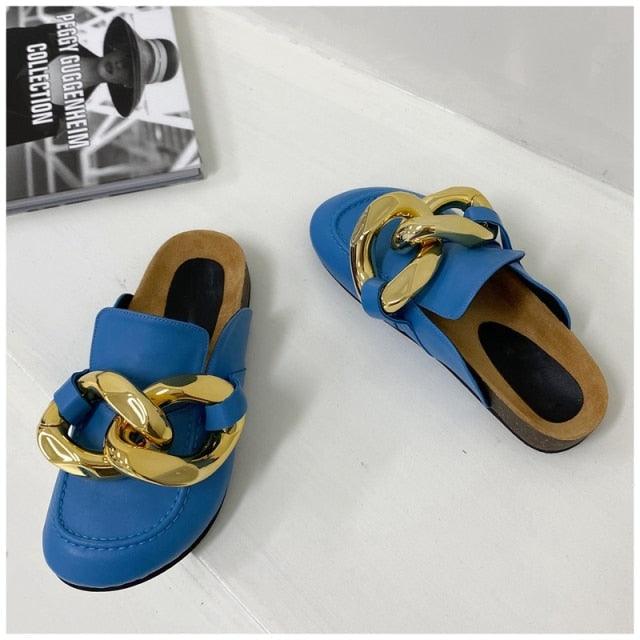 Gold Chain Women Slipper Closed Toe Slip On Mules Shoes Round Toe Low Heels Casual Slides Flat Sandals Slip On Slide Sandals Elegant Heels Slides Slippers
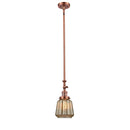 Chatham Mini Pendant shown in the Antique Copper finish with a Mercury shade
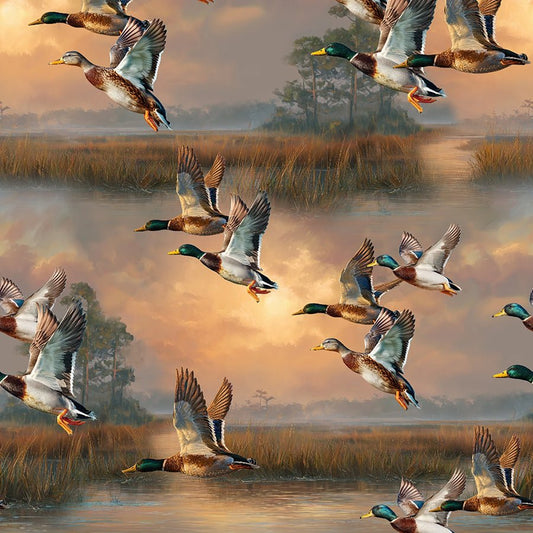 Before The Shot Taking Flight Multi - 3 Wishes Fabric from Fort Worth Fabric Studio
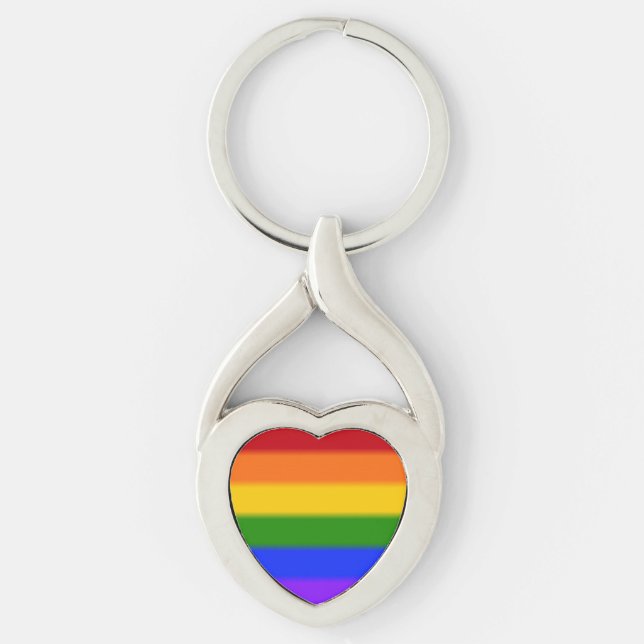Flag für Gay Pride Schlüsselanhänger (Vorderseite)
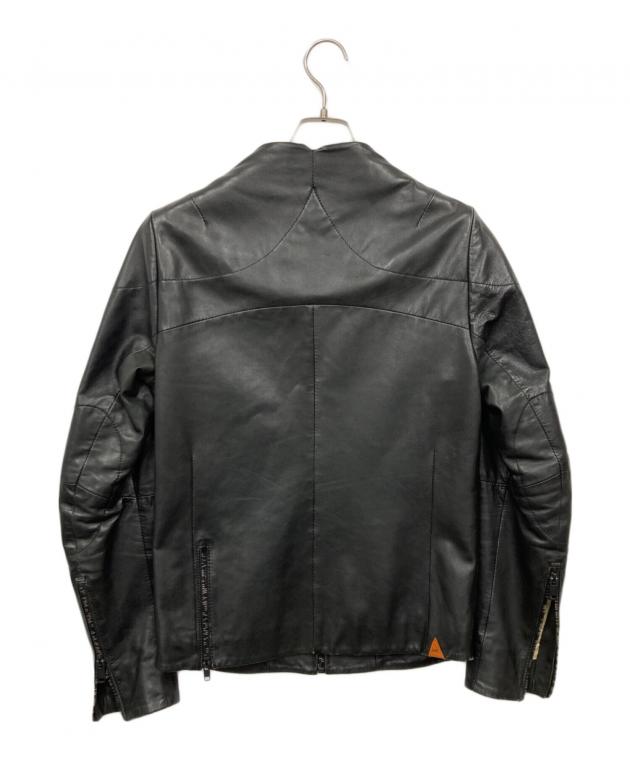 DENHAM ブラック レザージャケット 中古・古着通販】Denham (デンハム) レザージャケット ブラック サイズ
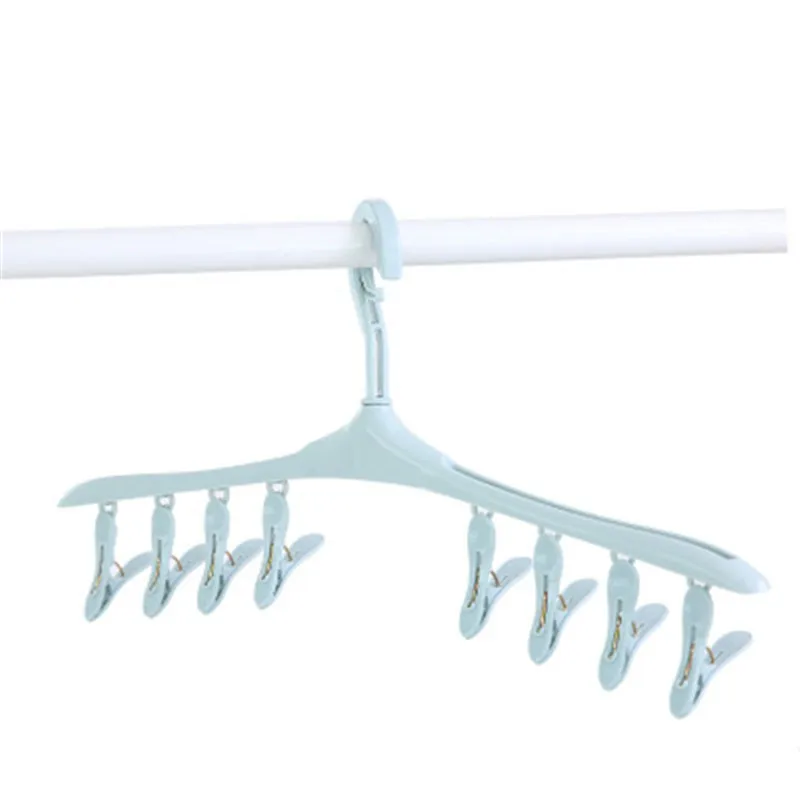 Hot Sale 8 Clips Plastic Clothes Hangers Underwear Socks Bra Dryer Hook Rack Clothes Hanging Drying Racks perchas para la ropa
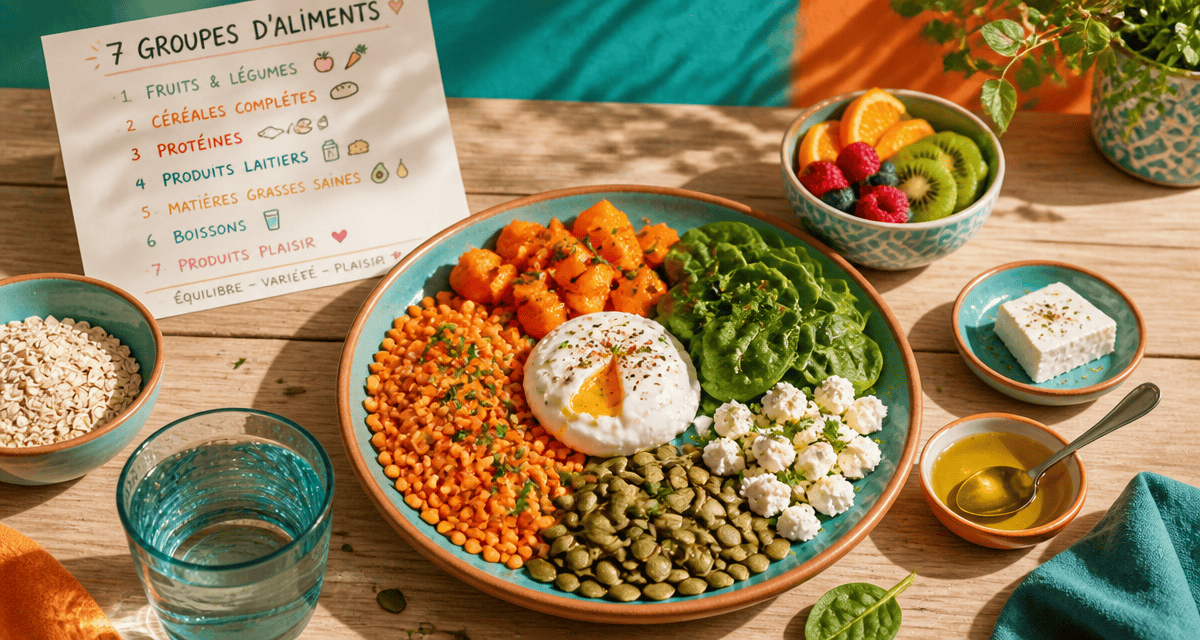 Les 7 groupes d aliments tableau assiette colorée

* * *

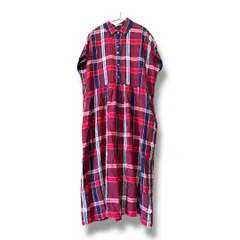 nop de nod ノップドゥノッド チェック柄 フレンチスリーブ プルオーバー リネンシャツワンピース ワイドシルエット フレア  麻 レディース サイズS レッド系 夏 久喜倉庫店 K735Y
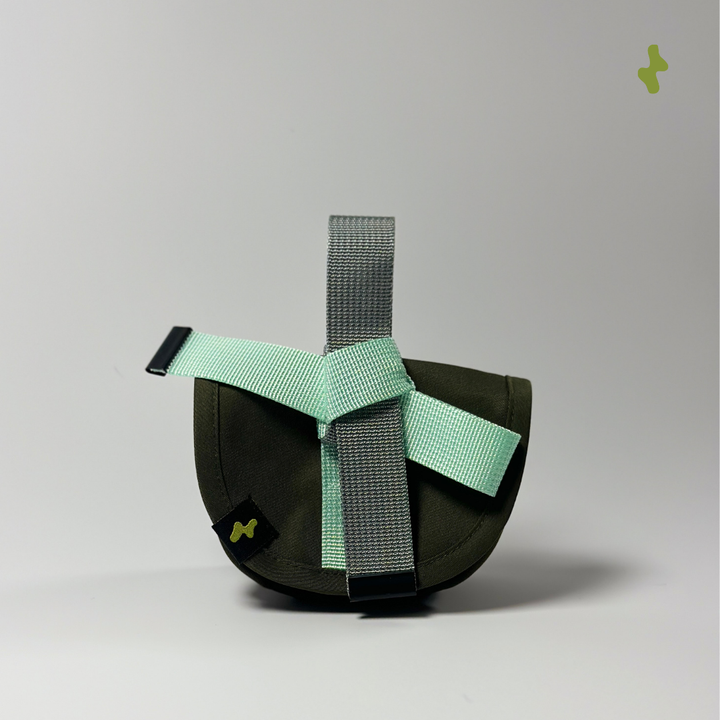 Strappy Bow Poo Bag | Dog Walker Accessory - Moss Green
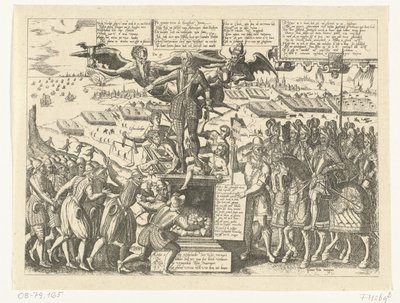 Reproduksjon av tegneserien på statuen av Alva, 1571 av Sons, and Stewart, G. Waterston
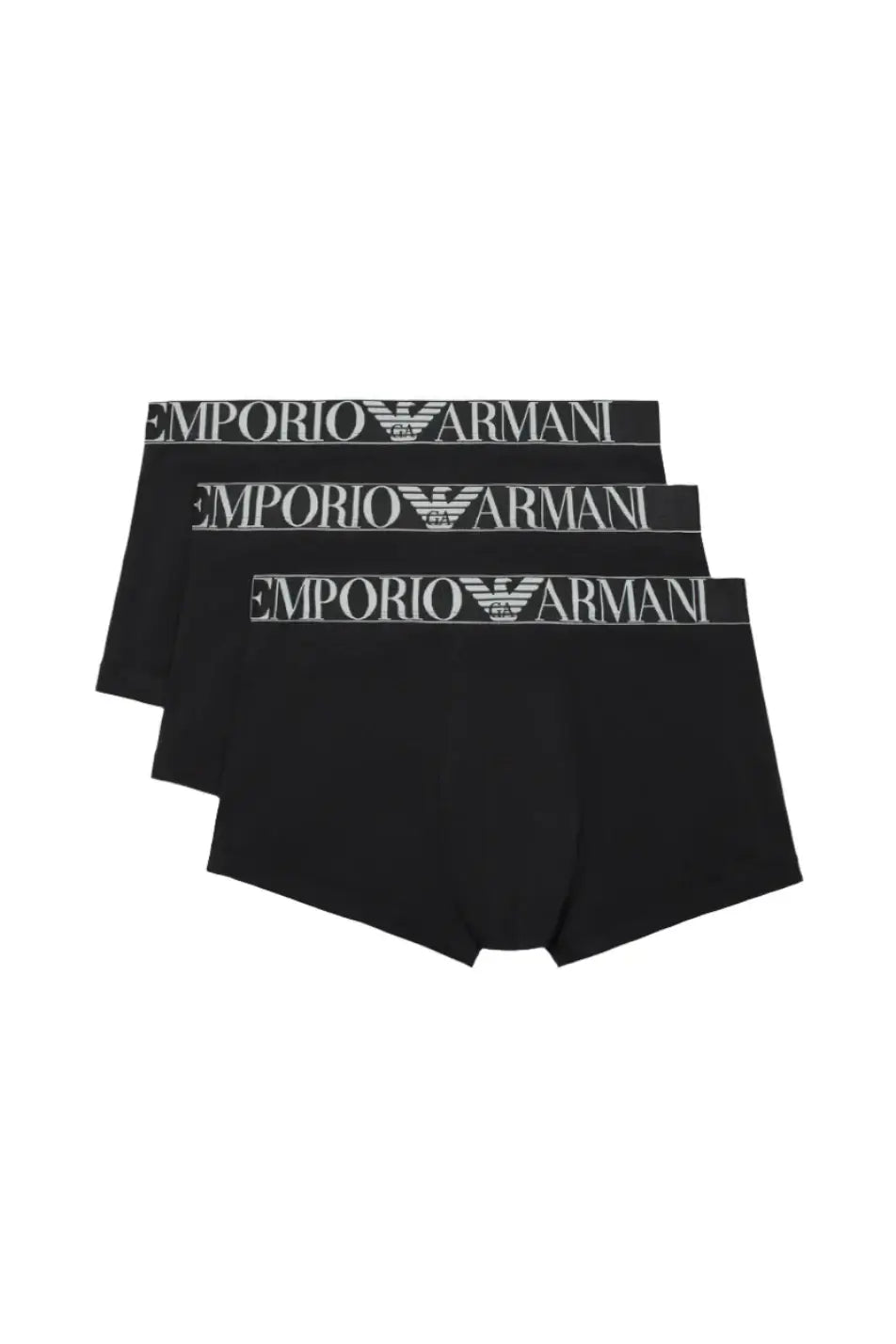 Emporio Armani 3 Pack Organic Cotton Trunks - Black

**ABOUT THIS EXERCISE:**
Nothing outside the stretch above, from the line with "Before The Shot" through the line with "Hot Sale 8 Clips", is set down. Transcribe that stretch exactly, ends included, but not its pictures.

**OUTPUT OF THE EXERCISE:**
 Before The Shot Taking Flight Multi - 3 Wishes Fabric from Fort Worth Fabric Studio
Flag für Gay Pride Schlüsselanhänger (Vorderseite)
 DENHAM ブラック レザージャケット 中古・古着通販】Denham (デンハム) レザージャケット ブラック サイズ
 Hot Sale 8 Clips Plastic Clothes Hangers Underwear Socks Bra Dryer Hook Rack Clothes Hanging Drying Racks perchas para la ropa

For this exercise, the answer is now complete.